Рейнольдс снова открыл глаза: на этот раз пришлось приложить чуть меньше усилий.

– Вот так, вот так! – Голос Янчи теперь было слышно отчетливее. – Я только что чувствовал себя точно так же, но если расслабиться, поддаться действию препаратов, то уже будет не спастись. Просто держись, парень, просто держись. Я уже чувствую: проходит.

Рейнольдс тоже почувствовал, как ослабевает хватка химикатов. Безумное желание вырваться из пут, дергаться каждой мышцей пока не исчезло, но в голове прояснялось, и боль позади глаз начала утихать. Янчи все время разговаривал с ним, подбадривал его, отвлекал, и постепенно его конечности и все тело стали успокаиваться, в нестерпимой тропической жаре подвала ему стало холодно, и неконтролируемая дрожь приступами сотрясала его с головы до ног. Затем дрожь постепенно унялась, и он начал потеть и изнемогать от возрастающей с каждым мгновением влажности и жары, идущей от паровых труб. Он уже снова был на грани обморока – на этот раз в ясном уме и здравом рассудке, – когда дверь распахнулась и по воде зашлепали надзиратели в резиновых сапогах. В считаные секунды надзиратели отвязали их и вытолкали через открытую дверь на чистый ледяной воздух, и Рейнольдс впервые в жизни понял, каким бывает вкус воды для человека, умиравшего от жажды в пустыне.

Рейнольдс увидел, как идущий впереди Янчи стряхивает с себя руки надзирателей, поддерживающие его с обеих сторон, и, хоть и чувствовал себя как после долгой и изнурительной лихорадки, сделал то же самое. Он пошатнулся, чуть не упал, когда руки были убраны, но, удержавшись, собрался с силами и вышел вслед за Янчи на снег и лютый холод тюремного двора, держась прямо и высоко подняв голову.

Ожидавший их комендант, увидев, как они выходят, сначала не поверил своим глазам. На несколько мгновений он растерялся, и приготовленные им слова так и остались несказанными. Но он быстро пришел в себя и без усилий снова надел свою профессорскую маску.

– Честно говоря, джентльмены, если бы кто-то из моих коллег-врачей сообщил мне об этом, я бы назвал его лжецом. Я бы не поверил, я бы не смог этому поверить. Из клинического интереса спрошу, как вы себя чувствуете?

– Холодно.
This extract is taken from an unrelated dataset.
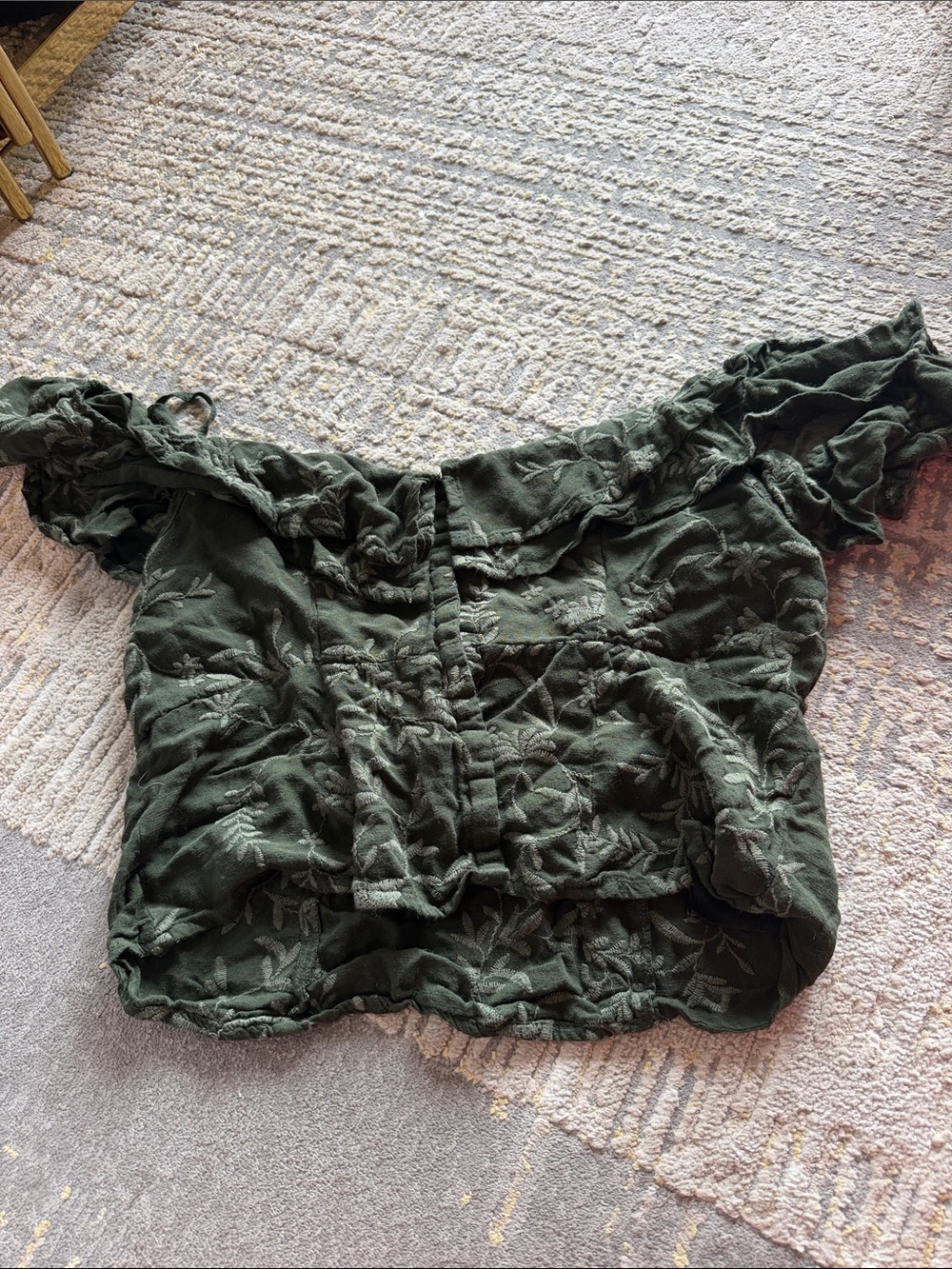 Guess Off-Shoulder Embroidered Crop Top in Forest Green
И ноги мерзнут – может, вы не заметили, но у нас промокли ноги, они у нас последние два часа были в воде.

Рейнольдс сказал это, небрежно прислонившись к стене, но не потому, что эта поза отражала его чувства: без опоры он рухнул бы на снег. Но поддержку и ободрение дала ему не столько стена, сколько одобрительный блеск в глазах Янчи.

– Всему свое время. Периодическая смена температур – часть… э-э-э… процесса. Поздравляю вас, господа. Ваш случай обещает быть необычайно интересным. – Он повернулся к одному из надзирателей. – Часы в подвал, туда, где они оба смогут их видеть. Следующую инъекцию актедрона – так, сейчас полдень – сделаем ровно в два часа дня. Мы не должны держать их в ненужном состоянии неопределенности.

Десять минут спустя, задыхаясь от резкого возвращения в удушающую жару подвала после пребывания на холоде во дворе, Рейнольдс посмотрел на тикающие часы, затем на Янчи.

– Он в своих пытках не упускает даже малейших изощрений.

– Он пришел бы в ужас, да искренне ужаснулся бы, услышав от вас слово «пытка», – с задумчивым видом заметил Янчи. – Комендант считает себя просто ученым, проводящим эксперимент, и все, чего он хочет, – это добиться максимальной эффективности с точки зрения результатов. Разумеется, он совершенно безумен, это слепое помешательство, свойственное всем фанатикам. Если бы он это от вас услышал, тоже был бы шокирован.

– Безумен? – Рейнольдс выругался. – Это бесчеловечное чудовище. Скажите, Янчи, а такого человека вы тоже считаете своим братом? Вы все так же верите в единство человечества?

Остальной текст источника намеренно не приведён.